In the entries below, begin at the line that has "Schnüffelkekse Käse (100g)" and stop after the line that has "Hiring Digital Marketing"; output those lines exactly, leaving out pictures.

Dataset: Begin

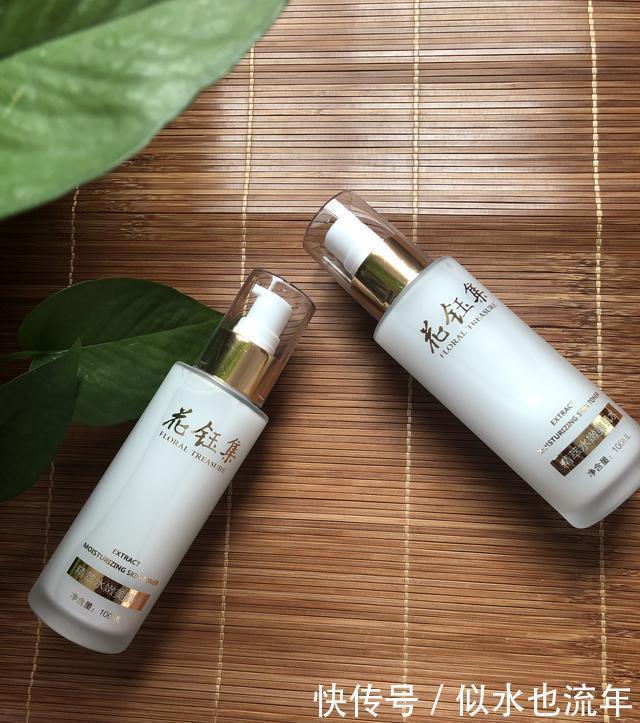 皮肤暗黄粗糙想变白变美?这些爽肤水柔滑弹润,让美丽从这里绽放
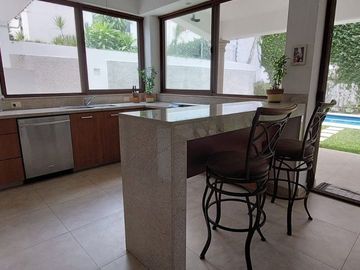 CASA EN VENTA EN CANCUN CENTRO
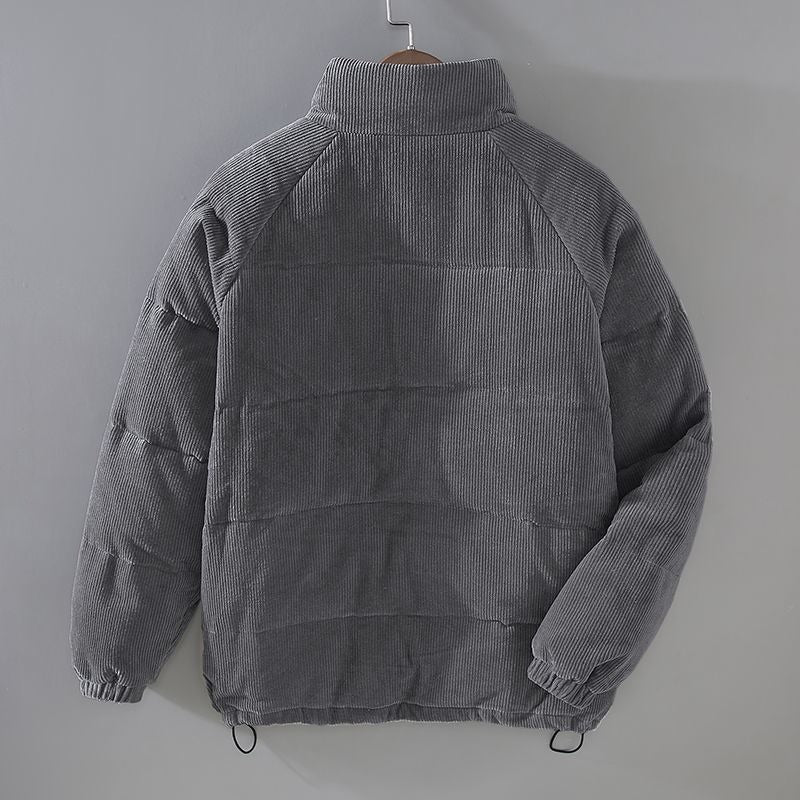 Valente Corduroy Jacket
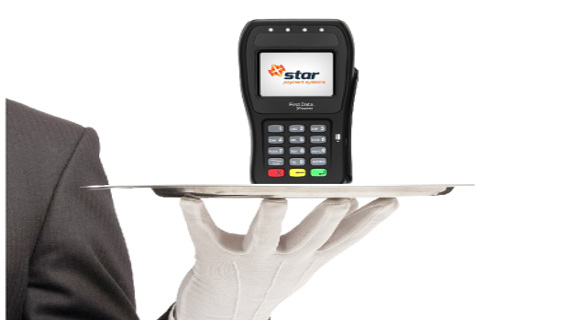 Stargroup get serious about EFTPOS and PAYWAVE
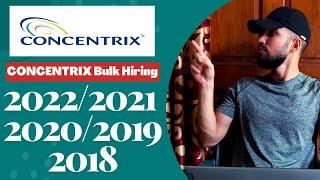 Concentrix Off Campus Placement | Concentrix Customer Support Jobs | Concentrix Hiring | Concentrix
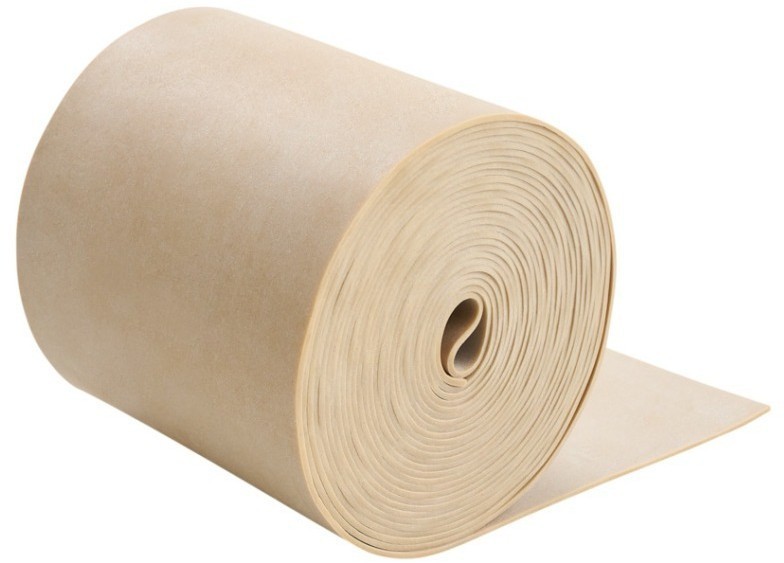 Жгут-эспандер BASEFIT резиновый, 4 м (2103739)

Dataset: End
Dataset: Begin

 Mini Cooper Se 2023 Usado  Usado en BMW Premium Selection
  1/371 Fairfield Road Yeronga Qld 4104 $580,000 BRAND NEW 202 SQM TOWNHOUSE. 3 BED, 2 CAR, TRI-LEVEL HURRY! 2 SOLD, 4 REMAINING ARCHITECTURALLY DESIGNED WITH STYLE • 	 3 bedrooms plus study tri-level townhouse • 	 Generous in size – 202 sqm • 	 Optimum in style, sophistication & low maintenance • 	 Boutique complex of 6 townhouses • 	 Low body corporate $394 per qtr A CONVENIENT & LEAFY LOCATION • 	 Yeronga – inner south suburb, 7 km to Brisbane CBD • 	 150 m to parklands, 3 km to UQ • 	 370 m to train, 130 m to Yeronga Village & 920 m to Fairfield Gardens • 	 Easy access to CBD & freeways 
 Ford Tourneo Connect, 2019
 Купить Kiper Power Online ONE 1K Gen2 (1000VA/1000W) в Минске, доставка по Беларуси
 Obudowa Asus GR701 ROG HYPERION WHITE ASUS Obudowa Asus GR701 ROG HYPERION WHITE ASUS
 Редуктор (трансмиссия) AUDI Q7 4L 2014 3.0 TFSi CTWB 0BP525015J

Dataset: End
Dataset: Begin

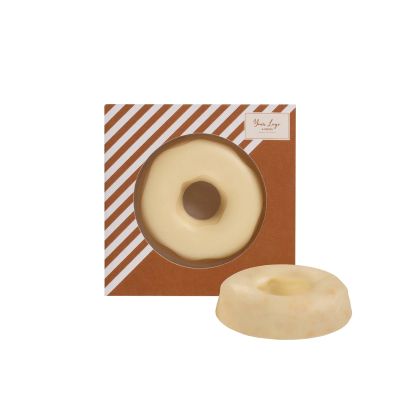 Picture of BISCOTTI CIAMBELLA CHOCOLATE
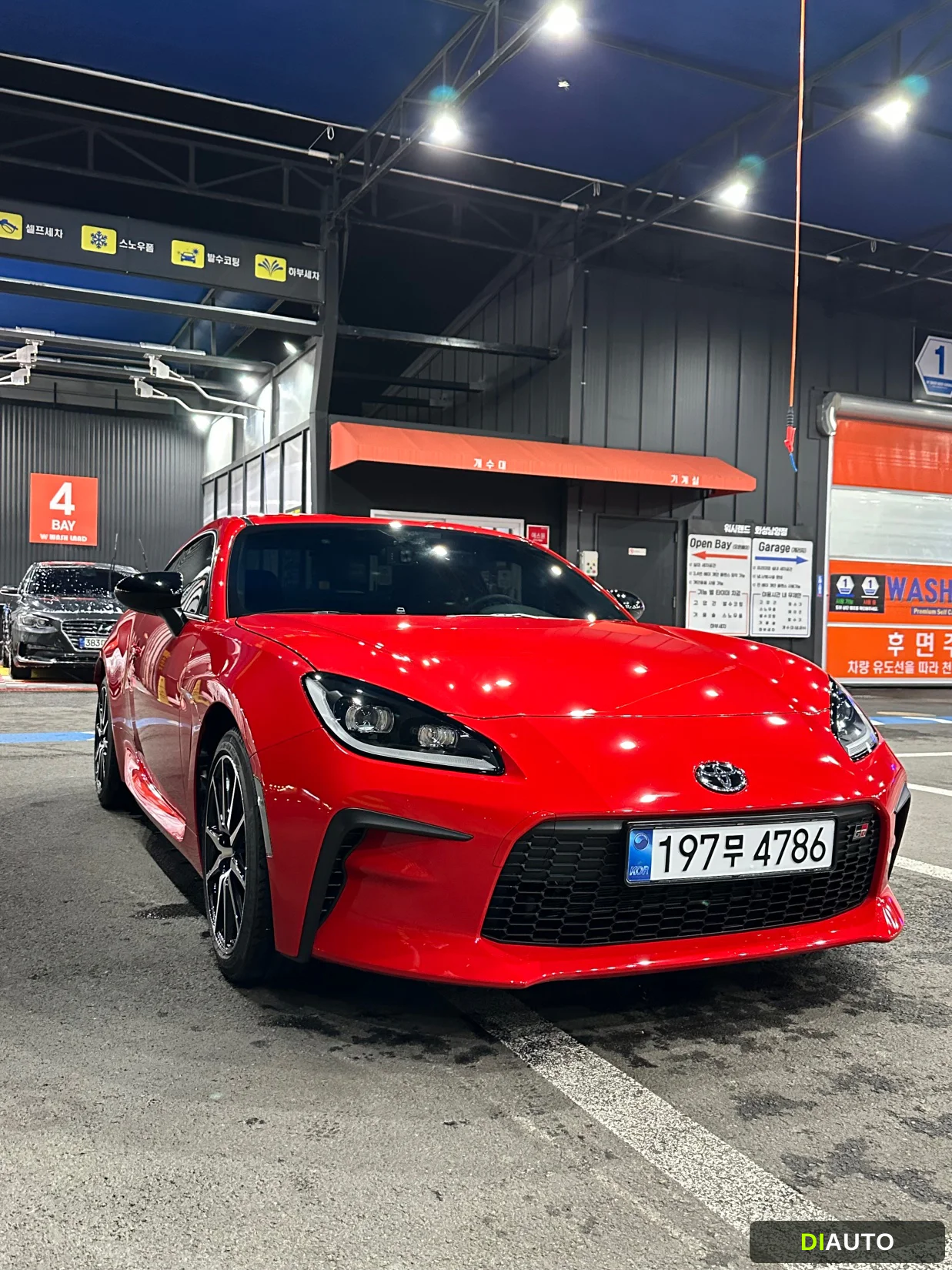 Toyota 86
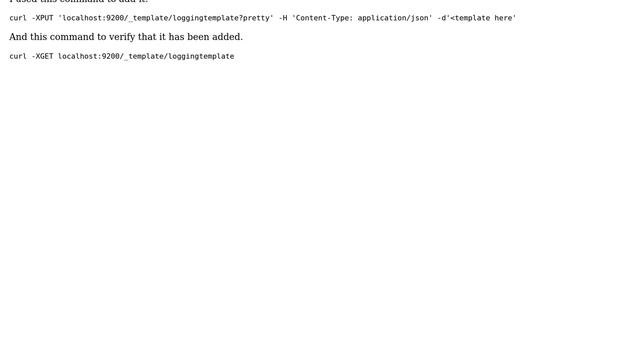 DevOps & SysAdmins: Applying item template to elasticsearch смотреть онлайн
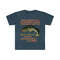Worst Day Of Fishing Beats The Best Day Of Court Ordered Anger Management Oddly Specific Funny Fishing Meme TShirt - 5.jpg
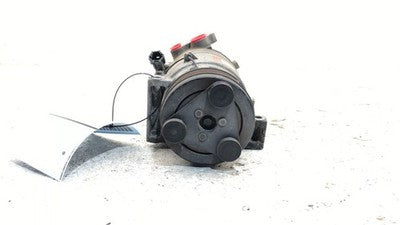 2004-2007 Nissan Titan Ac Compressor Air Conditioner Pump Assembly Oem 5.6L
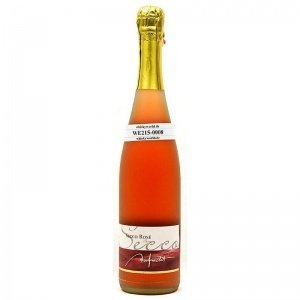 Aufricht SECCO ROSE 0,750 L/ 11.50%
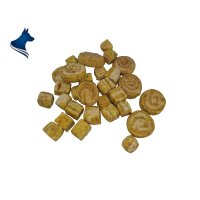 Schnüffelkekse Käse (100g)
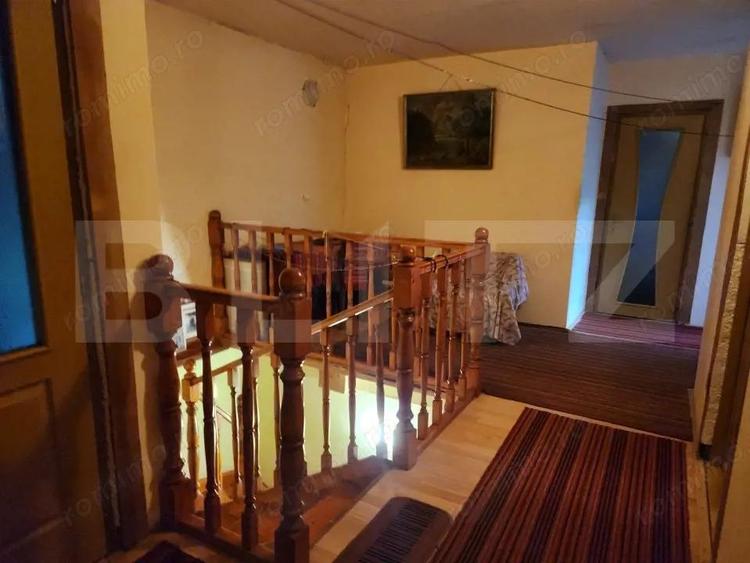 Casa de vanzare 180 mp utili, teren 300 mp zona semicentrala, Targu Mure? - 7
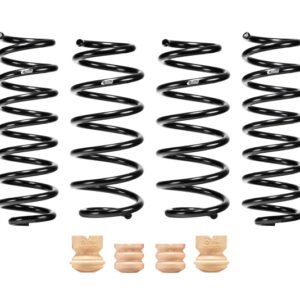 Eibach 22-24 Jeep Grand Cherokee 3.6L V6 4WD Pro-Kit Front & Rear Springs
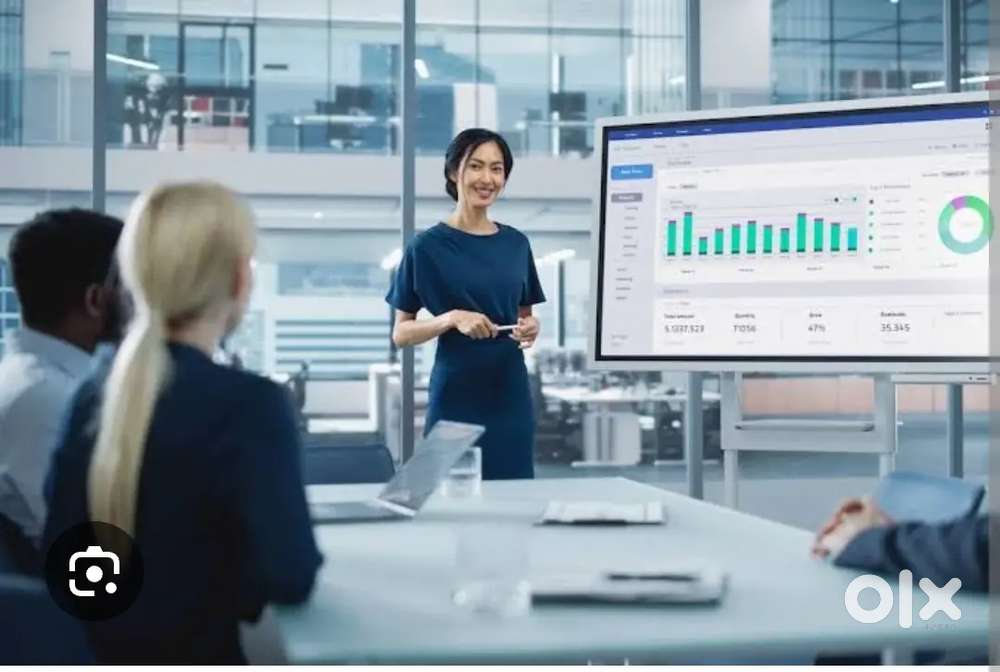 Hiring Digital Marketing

Dataset: End

Expected answer:
 Schnüffelkekse Käse (100g)
 Casa de vanzare 180 mp utili, teren 300 mp zona semicentrala, Targu Mure? - 7
 Eibach 22-24 Jeep Grand Cherokee 3.6L V6 4WD Pro-Kit Front & Rear Springs
 Hiring Digital Marketing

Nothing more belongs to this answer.